Gopolang Moloko
3 minute read
23 Jul 2020
12:16 pm

How the age-old cigarette smuggling industry works

Gopolang Moloko

There need to be policy measures, minimum pricing measures as well as traits that identify whether tax has been paid on a particular box of cigarettes.

Picture: iStock

Telita Snyckers, former SA Revenue Service lawyer and author to a gripping exposé uncovering the dark underbelly of the tobacco industry, says the story of illicit cigarettes long precedes lockdown.

Smokers have been left fuming since the country went into lockdown after President Cyril Ramaphosa announced a national state of disaster.

Certain products were deemed non-essential items and both alcohol and cigarettes were snubbed off the retail lists of items for purchase as a measure to reduce and manage the impact on the buckling health sector.

During an address in May, Ramaphosa reiterated that the ban on tobacco products would remain in place under Level 3 and that the sale of alcohol would be restricted to home consumption.

In July, Ramaphosa sent consumers into a tailspin after reinstating the order to ban the sale of alcohol, this time with immediate effect, as there were identified links of the pressure added to the health sector, which already was under severe pressure.

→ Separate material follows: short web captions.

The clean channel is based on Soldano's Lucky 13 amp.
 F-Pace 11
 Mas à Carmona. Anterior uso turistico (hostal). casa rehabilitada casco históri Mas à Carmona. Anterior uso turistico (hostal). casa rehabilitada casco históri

Studies by the University of Cape Town showed that most smokers were able to buy cigarettes during the lockdown, despite the ban.

This indicated the ban was backfiring, as smokers now paid a substantially higher price for different brand cigarettes, signalling an underbelly of a black market for tobacco products.

Public figures such as Tax Justice South Africa founder Yusuf Abramjee have highlighted the backfiring effects to the ban on cigarettes.

Snyckers, author of Dirty Tobacco: Spies, Lies and Mega-Profits, said in a podcast that the profit margin on products was known to be huge, and “because the profit margins are so huge, it’s dead easy to get your cigarettes on the illicit market on one of two ways”.

“Either you [manufacture] certain volumes that you don’t declare to Sars, as Sars can only tax what it sees. You take a volume produced and sell them to the market untaxed, or you pretend that you export the cigarette and actually sell them tax-free on the [black] market.”

She said most companies doing this are not illegal. They do pay taxes.

“Part of the challenge is that when you find packs on the local market from a supermarket or boot of a car its impossible to determine if tax has been paid on a particular pack or not.”

This was an issue to be looked into, as it left a grey area.

Truck drivers and reported smugglers arrested for contraband in their vehicles were a small part of the issue, as real action would be to target the guys manufacturing the products, “to shut down the source”.

“The focus must be on the money trail,” and this needed better analytics capacity, she stressed.

She also seconded a University of Cape Town study which suspected a possible price war in the midst after the lockdown, when cigarettes made a comeback.

When tobacco products make their way back into the market after the lockdown, it’s likely that the big companies could play dirty tactics in an effort to reclaim their share of the market.

There need to be policy measures, minimum pricing measures as well as traits that identify whether tax has been paid on a particular box of cigarettes.